─── Exercise inputs

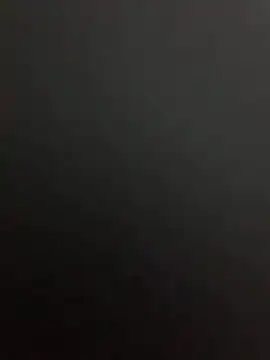 bunnythetailor online show from April 2026 05:30:01 PM
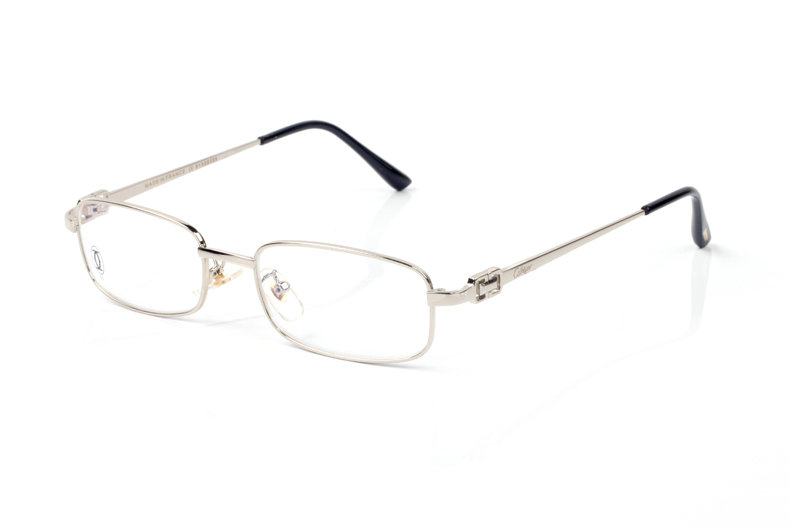 Wholesale Cheap Cartier Designer Glasses Frames for sale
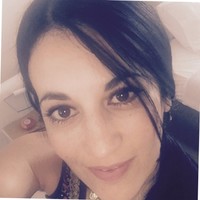 Joelene Busuttil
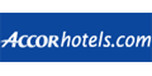 View Accor Hotels website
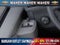 2026 Chevrolet Express Cargo 1WT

──────

Output exactly, and only, the lines running from the line containing "Joelene Busuttil" to the last line of the entries above, omitting the pictures.

 Joelene Busuttil
 View Accor Hotels website
 2026 Chevrolet Express Cargo 1WT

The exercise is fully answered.